At the top end, I can therefore hardwire the ADSL modem to the ADSL modem and have the same unbroken cable run straight from modem to exchange.
As I understand ADSL, the signal is actually analogue, so could benefit from the lack of connectors and cable joins?
Anyone done this and, if so, is it worth it or am I wasting my time and should I just stick the BT ADSL V1.0 box on the wall and use a plug?
TJ
If your service fails and an engineer is called to your premises to investigate, they will expect everything to be as normal, regardless of the fact that you are lucky enough to have a single bit of wire direct into the exchange!
If you solder the connections, you risk a cold solder joint and thus shoot-self in foot.
CAT V (and other telecoms cabling) is never soldered.
The BT box on the wall has push in style fittings (standard BT issue) which is what I would hook the modem cable into.
I know the BT engineers reasonably well here - would be no issues there.
It's a case of whether or not an ultra clean line is a benefit. I can't actually see how it couldn't be - ADSL must presumably use some kind of error correction?
TJ
When someone said 'hard wire' it meant a solder connection vs a removable connector. Perhaps I didn't get your point of what you meant by 'hard wired'
Sorry, my fault - bit misleading with my terminology!
What I mean is rather than putting a socket on the wall, and connecting the socket to the BT frame in our office, I just cut one plug off the modem lead and hook that straight to the frame.
TJ
If an engineer was to ever come around for any reason and see that you had tampered with any of the equipment they had provided to you then you could either have your account disabled or if you were ever to call for support they could refuse you as you have modified it yourself.
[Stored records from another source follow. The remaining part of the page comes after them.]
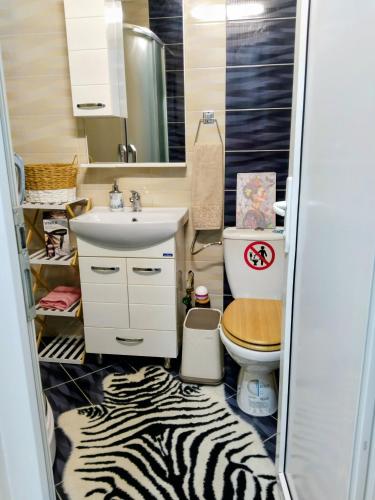 un bagno con stampa zebrata, lavandino e WC di Frida Apartment a Ohrid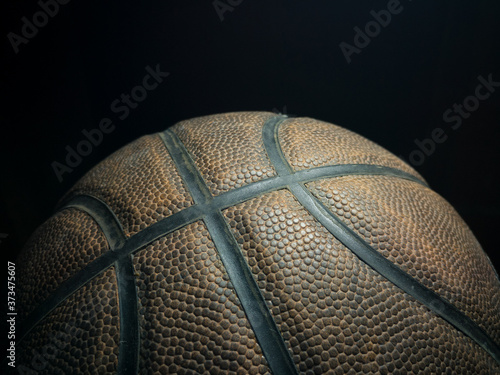 Sports props, close up of basketball ball against a dark background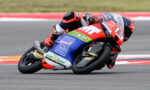 Motorcycle racer in red-and-blue suit leaning into a turn on a race track with sponsor decals visible on the bike.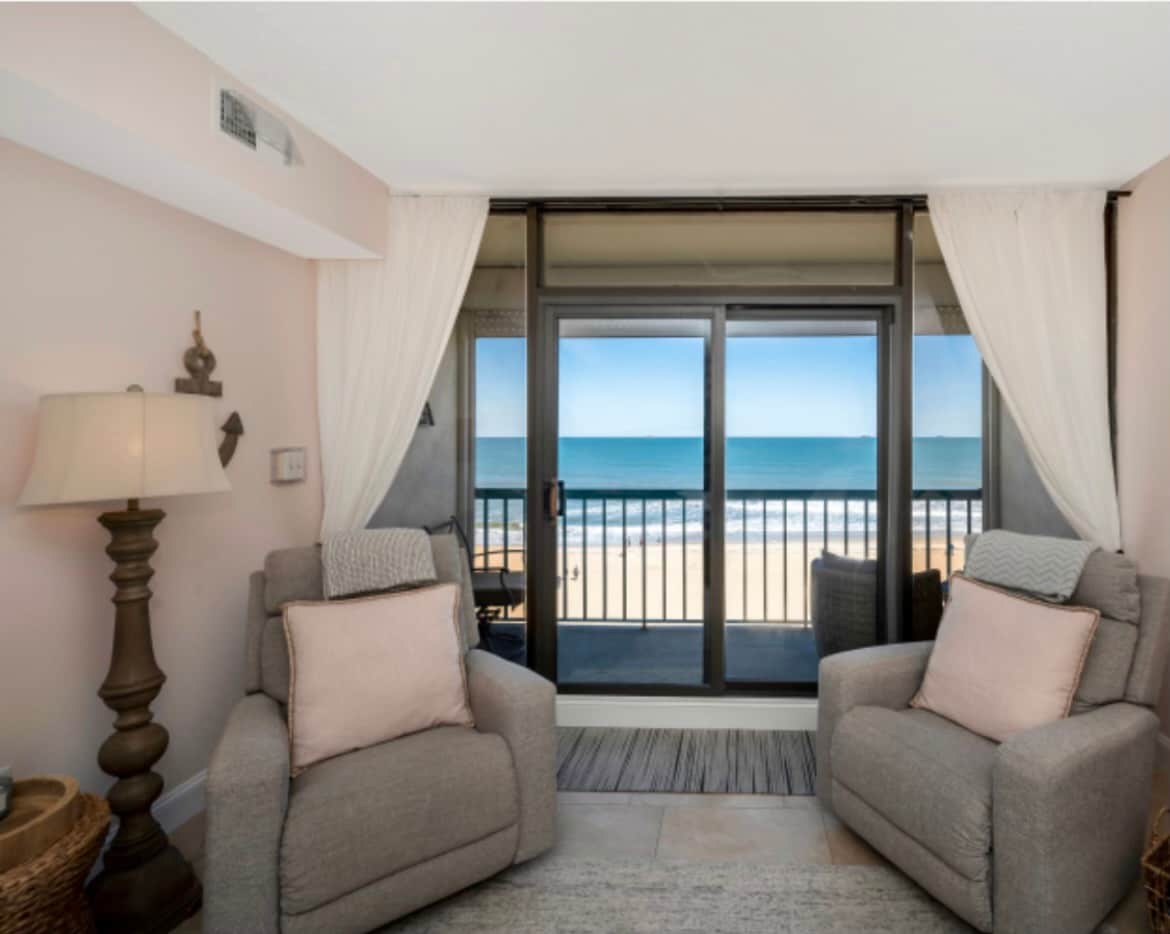 Two comfortable chairs are positioned in front of large sliding glass doors, providing an unobstructed ocean view. Soft curtains frame the windows, and a decorative table lamp adds warmth to the inviting space. The room features a neutral color palette with subtle coastal accents.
If an engineer was to ever come around for any reason and see that you had tampered with any of the equipment they had provided to you then you could either have your account disabled or if you were ever to call for support they could refuse you as you have modified it yourself.
That's really not an issue for me.
My understanding of the way that UK ADSL works is that it is capped at the exchange and tinkering with your modem wont give you any increase in speed.
This is the question - performance. I realise that the speed is capped at 512/1mb/2mb etc at the exchange end - I guess the info I'm after relates to getting as close to that theoretical maximum as possible.
I guess I'll just do it anyway - it certainly can't degrade performance.